> _Exercise prompt_: Copy out the lines of the records below, and only those lines, from the one with "Bouteille de liquide" through the one with "Beautiful Floral Frame", exactly as they appear.

> _Available records_:
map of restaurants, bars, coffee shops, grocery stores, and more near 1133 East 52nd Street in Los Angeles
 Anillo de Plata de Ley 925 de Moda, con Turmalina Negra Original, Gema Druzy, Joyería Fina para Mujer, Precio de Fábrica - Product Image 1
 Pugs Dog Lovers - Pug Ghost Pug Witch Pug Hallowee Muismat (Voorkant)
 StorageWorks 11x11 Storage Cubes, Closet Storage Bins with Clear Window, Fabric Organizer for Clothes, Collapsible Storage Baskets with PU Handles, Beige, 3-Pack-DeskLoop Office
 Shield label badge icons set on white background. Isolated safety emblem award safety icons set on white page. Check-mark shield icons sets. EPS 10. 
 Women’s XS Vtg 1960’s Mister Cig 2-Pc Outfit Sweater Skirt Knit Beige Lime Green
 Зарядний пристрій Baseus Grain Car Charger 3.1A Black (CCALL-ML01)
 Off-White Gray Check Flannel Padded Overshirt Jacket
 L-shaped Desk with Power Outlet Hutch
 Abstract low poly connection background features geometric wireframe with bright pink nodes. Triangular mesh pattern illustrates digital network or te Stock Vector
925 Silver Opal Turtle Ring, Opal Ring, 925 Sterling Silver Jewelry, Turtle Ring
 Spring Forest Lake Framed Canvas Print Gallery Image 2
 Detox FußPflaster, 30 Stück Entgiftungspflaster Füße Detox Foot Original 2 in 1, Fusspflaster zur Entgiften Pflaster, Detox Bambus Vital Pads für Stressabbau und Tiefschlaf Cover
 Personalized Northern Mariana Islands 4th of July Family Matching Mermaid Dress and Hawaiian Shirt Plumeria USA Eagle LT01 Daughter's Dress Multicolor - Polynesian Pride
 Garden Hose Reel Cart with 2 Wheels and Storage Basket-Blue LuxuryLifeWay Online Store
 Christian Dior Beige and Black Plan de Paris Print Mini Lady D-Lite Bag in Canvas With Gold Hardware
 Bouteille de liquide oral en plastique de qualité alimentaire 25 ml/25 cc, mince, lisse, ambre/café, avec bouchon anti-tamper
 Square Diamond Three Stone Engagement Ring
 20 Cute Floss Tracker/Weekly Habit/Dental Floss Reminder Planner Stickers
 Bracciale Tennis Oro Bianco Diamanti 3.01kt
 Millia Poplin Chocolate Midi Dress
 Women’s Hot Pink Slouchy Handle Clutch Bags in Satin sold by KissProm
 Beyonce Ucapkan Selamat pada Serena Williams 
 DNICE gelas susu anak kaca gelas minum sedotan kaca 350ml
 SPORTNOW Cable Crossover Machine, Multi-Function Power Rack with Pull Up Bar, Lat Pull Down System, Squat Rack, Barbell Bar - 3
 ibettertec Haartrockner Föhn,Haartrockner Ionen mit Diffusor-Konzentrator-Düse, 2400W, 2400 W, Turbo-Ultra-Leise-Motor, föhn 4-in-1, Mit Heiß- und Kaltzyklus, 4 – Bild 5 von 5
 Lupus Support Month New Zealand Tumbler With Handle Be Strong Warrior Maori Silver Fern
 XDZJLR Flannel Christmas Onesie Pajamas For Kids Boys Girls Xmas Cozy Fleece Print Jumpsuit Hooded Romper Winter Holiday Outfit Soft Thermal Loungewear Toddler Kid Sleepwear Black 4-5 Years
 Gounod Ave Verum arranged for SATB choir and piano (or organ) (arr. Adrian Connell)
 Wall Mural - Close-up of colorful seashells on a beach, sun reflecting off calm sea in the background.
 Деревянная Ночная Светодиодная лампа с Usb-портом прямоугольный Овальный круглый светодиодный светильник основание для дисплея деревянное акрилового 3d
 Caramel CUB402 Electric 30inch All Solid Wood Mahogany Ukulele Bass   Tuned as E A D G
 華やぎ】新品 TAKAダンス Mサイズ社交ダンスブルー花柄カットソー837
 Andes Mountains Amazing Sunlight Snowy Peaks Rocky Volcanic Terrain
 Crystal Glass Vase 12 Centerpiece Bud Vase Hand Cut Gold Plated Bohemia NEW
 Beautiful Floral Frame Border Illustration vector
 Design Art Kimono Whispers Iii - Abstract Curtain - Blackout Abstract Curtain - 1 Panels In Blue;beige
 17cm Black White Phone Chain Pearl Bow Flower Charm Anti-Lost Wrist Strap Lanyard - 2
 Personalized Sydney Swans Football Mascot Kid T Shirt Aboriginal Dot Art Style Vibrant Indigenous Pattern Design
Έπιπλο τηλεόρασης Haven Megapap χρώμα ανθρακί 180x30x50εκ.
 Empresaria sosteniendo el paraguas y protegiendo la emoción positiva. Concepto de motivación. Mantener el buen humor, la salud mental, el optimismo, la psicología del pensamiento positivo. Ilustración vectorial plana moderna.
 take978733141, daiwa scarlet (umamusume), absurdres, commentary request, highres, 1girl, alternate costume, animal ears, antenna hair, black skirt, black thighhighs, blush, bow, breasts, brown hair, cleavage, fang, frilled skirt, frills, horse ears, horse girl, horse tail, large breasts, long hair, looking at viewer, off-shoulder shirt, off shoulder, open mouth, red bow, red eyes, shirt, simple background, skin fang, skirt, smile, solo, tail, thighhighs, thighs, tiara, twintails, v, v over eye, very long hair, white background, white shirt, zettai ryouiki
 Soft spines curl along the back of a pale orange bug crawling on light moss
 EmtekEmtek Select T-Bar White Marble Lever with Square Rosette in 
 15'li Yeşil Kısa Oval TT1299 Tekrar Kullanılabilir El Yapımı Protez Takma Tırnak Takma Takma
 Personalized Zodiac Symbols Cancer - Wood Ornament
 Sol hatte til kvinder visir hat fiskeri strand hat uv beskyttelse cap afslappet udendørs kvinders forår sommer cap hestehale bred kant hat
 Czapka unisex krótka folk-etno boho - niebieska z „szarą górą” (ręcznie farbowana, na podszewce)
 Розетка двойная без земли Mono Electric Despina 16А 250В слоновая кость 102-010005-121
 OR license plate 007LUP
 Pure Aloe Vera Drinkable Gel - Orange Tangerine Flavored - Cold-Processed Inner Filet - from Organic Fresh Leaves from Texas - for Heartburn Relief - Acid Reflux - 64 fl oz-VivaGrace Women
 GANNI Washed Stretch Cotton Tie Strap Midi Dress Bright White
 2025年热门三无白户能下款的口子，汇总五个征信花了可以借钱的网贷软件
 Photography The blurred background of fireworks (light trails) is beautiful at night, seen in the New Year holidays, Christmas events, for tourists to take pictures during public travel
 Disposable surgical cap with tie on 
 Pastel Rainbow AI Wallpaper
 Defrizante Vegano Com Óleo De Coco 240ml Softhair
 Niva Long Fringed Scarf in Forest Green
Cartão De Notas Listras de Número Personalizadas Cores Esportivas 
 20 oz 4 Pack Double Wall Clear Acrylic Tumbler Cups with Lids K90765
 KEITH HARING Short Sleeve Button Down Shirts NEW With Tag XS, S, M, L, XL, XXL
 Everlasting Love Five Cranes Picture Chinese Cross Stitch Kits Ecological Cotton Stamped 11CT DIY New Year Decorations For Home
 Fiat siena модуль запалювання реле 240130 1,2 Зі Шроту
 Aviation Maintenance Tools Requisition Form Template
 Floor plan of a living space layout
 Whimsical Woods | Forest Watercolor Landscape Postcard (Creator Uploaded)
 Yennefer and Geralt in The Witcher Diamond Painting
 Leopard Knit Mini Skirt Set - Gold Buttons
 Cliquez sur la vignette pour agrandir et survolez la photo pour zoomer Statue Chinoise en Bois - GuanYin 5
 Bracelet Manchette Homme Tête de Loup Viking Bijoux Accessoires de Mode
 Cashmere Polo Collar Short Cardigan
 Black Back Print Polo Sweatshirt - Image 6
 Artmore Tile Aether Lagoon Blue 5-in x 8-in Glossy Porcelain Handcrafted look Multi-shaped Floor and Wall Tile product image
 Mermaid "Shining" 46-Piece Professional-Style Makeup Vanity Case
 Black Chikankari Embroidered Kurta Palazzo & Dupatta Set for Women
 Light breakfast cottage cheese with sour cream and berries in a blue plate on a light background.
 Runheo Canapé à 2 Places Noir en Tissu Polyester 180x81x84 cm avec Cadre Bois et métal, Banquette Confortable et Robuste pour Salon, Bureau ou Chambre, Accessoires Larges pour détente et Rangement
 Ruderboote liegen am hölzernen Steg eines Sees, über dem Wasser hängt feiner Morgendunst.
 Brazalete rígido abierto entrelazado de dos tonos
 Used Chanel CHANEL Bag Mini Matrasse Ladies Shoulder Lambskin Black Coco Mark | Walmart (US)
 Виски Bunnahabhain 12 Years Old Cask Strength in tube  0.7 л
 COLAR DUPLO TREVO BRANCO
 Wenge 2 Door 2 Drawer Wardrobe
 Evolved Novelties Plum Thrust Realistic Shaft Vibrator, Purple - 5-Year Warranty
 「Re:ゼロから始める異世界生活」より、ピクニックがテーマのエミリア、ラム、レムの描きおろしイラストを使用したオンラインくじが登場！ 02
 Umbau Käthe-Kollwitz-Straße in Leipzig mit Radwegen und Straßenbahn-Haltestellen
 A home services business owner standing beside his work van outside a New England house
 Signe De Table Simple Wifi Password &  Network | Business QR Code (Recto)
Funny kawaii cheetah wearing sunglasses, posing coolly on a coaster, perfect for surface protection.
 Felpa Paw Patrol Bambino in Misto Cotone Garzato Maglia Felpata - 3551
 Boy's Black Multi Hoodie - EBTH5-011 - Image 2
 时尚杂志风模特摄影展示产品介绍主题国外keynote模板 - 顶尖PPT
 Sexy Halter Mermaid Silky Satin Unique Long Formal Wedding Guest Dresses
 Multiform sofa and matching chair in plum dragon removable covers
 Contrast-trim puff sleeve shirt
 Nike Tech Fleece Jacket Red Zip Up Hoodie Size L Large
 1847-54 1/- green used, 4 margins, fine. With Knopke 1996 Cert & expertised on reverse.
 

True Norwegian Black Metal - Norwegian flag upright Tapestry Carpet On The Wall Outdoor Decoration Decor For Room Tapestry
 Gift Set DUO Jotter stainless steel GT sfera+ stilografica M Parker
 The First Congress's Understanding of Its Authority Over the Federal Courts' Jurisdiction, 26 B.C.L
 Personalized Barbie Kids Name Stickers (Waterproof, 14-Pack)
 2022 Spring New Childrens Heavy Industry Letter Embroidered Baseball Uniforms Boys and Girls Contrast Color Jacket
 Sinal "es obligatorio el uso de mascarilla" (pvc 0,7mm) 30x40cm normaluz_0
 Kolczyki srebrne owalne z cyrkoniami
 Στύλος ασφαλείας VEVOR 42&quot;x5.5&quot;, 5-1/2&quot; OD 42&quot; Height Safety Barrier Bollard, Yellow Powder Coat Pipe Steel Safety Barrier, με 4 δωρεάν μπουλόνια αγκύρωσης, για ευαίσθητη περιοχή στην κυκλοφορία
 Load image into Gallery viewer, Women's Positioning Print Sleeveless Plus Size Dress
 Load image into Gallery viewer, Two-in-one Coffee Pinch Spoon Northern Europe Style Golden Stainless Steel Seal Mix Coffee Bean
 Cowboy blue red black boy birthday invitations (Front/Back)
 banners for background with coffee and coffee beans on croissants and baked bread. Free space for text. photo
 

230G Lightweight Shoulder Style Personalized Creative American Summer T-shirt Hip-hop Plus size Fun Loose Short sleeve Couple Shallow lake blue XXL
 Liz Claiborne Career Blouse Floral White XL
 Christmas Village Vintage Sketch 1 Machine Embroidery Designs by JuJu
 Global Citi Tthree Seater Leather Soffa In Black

> _Answer section_:
 Bouteille de liquide oral en plastique de qualité alimentaire 25 ml/25 cc, mince, lisse, ambre/café, avec bouchon anti-tamper
 Square Diamond Three Stone Engagement Ring
 20 Cute Floss Tracker/Weekly Habit/Dental Floss Reminder Planner Stickers
 Bracciale Tennis Oro Bianco Diamanti 3.01kt
 Millia Poplin Chocolate Midi Dress
 Women’s Hot Pink Slouchy Handle Clutch Bags in Satin sold by KissProm
 Beyonce Ucapkan Selamat pada Serena Williams 
 DNICE gelas susu anak kaca gelas minum sedotan kaca 350ml
 SPORTNOW Cable Crossover Machine, Multi-Function Power Rack with Pull Up Bar, Lat Pull Down System, Squat Rack, Barbell Bar - 3
 ibettertec Haartrockner Föhn,Haartrockner Ionen mit Diffusor-Konzentrator-Düse, 2400W, 2400 W, Turbo-Ultra-Leise-Motor, föhn 4-in-1, Mit Heiß- und Kaltzyklus, 4 – Bild 5 von 5
 Lupus Support Month New Zealand Tumbler With Handle Be Strong Warrior Maori Silver Fern
 XDZJLR Flannel Christmas Onesie Pajamas For Kids Boys Girls Xmas Cozy Fleece Print Jumpsuit Hooded Romper Winter Holiday Outfit Soft Thermal Loungewear Toddler Kid Sleepwear Black 4-5 Years
 Gounod Ave Verum arranged for SATB choir and piano (or organ) (arr. Adrian Connell)
 Wall Mural - Close-up of colorful seashells on a beach, sun reflecting off calm sea in the background.
 Деревянная Ночная Светодиодная лампа с Usb-портом прямоугольный Овальный круглый светодиодный светильник основание для дисплея деревянное акрилового 3d
 Caramel CUB402 Electric 30inch All Solid Wood Mahogany Ukulele Bass   Tuned as E A D G
 華やぎ】新品 TAKAダンス Mサイズ社交ダンスブルー花柄カットソー837
 Andes Mountains Amazing Sunlight Snowy Peaks Rocky Volcanic Terrain
 Crystal Glass Vase 12 Centerpiece Bud Vase Hand Cut Gold Plated Bohemia NEW
 Beautiful Floral Frame Border Illustration vector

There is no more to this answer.